Saturday, June 3, 2023

Builders of Botswana: USA to USA (ZK continued)

This week, we return to Professor Z.K. Matthews and his relationship with Seretse Khama. As previously noted, following his return to Lovedale, Seretse became a frequent visitor at the Matthews’ home “Phuting”. During this period he also first came into contact with many of Z.K.’s other best and brightest, including Oliver Tambo and his lifelong friend, Charles Njonjo, of Kenya.

According to oral tradition Seretse’s longest stay at Phuting lasted several weeks, when Frieda Matthews acted as nursemaid in treating his tuberculosis.

After Seretse had completed his secondary education, Z.K., along with Tshekedi Khama, favoured of the idea of him pursuing his further studies in law at the colonial metropol – Britain. But the outbreak of the Second World War delayed the move for five years.

In the interim, Z.K. convinced both Seretse and his guardian uncle that it would be better for him to become part of the Fort Hare fraternity than face racial ostracism at the University of Cape Town, which then accepted a token number of black students. Seretse embraced Fort Hare to the point of distraction, involvement in campus politics led to a brief suspension resulting in his repeating a year.

After Seretse had stumbled on his 1942 exams, Z.K. became more personally engaged as his tutor, with weekend lessons and holiday reading lists. The Professor further insisted that the crown prince use his visits to Serowe to gain experience in tribal administration alongside his uncle. Besides preparing him for bogosi, Z.K. reckoned that Seretse would be able to apply the practical insights he gained at the kgotla toward his academic studies of customary law and “native administration.”

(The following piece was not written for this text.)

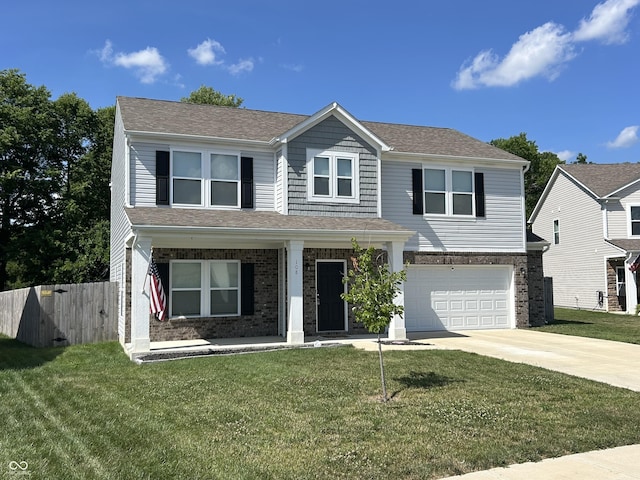 108 Herbert Ct, Trafalgar, IN 46181 - traditional-style home with an attached garage, concrete driveway, covered porch, and roof with shingles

With such encouragement, Seretse made rapid academic progress. In 1944 he became just the fourth son of Gammangwato known to have gained a University degree; following in the footsteps of K.T. Motsete and Monametse Chiepe, as well as Z.K.

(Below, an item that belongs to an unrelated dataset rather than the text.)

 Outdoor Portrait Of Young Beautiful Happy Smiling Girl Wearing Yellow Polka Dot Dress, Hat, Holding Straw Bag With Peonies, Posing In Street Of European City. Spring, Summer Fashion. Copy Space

Tshekedi and his cousin Bathoen II took vicarious pleasure in Seretse’s success. Both had had their own degree studies prematurely ended by the demand that they return home to assume the burdens of bogosi. In this respect they were sympathetic to Seretse’s desire for additional studies in face of inevitable pressure that he instead assume his seat at Kgosing.

With the doors to the UK still closed Z.K. next suggested that Seretse follow in his own footsteps by touring other African colonies to get a comparative perspective of indigenous law and society, as well as differences in colonial administration.

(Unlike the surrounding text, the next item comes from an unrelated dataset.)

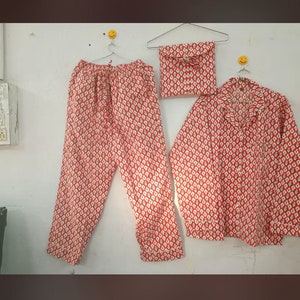 May include: A red and white patterned pajama set, including pants, a button-down shirt, and a matching pouch. The fabric features a repeating diamond design. The set is hanging on a white wall.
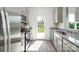 Modern kitchen features stainless steel appliances, granite countertops, and ample natural light at 6153 Helens Rest Ln, Lincolnton, NC 28092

But, when this possibility was effectively blocked by the authorities, Z.K. instead facilitated Seretse’s enrolment in January 1945 for a Bachelor of Laws Degree at Witwatersrand. There he was joined and soon befriended another new student, Joshua Nkomo, while also mixing with the trio of Mandela, Sisulu and Tambo, among other Fort Hare graduates who had gone on to Wits for their legal studies.

Although formally non-racial, at the time Wits, like UCT, enrolled relatively few black students. It is therefore not surprising that those that did attend found one another.

Seretse’s stay at Wits was, however, cut short by the end of the war, which finally opened the door to his and his mentor’s long-term ambition that he study in Britain. The Bechuanaland Administration was staunchly opposed to the prospect, but ultimately there was little they could do once Seretse was admitted to Balliol College, Oxford, where he took up studies in October 1945.

Although they maintained contact, circumstance kept Z.K. and Seretse apart for the next two decades. Against their own quiet expectations, both the Professor and student soon found themselves in the international spotlight as a result of their response to the racism around them.

By 1949 the “marriage of inconvenience” had exploded on the international stage, transforming Seretse and Ruth into global icons of non-racialism, more especially across Africa as well as the UK and USA.

In the same year Z.K. became the President of the Cape Congress, the largest of the then four provincial branches of the A.N.C. resulting in him also becoming a member of the movement’s National Executive.

Z.K.’s increasingly high profile involvement with the A.N.C. would also come at a personal price.

During the 1952-53 academic year the Professor was on sabbatical at the Union Theological Seminary in New York. If he had expected a break from struggle politics it was not to be. An invitation to address the United Nations on “the race conflict in South Africa resulting from the apartheid policy of the Government of the Union of South Africa” set off a firestorm in Pretoria as well as New York, with no less the Prime Minister Malan sending personally threatening cables.

Inevitably, the campaign to block Z.K. at the U.N. generated more interest than probably anything he might have said. On college campuses and other fora, as well as in the press, his voice was being heard among Americans, who at the time were occupied with their own campaign for racial equality.

Frieda Matthews would later recall that it was her husband’s inability to physically accept the growing number of invitations that came his way that resulted in her own recruitment as a sought after public speaker. To a growing number of people the struggles in the two USAs (i.e. Union of South Africa) for the first time appeared to be connected.

In the end, Z.K. had to cut his sabbatical short. Harassment on arrival at Johannesburg airport was a prelude to the infamous Treason Trial.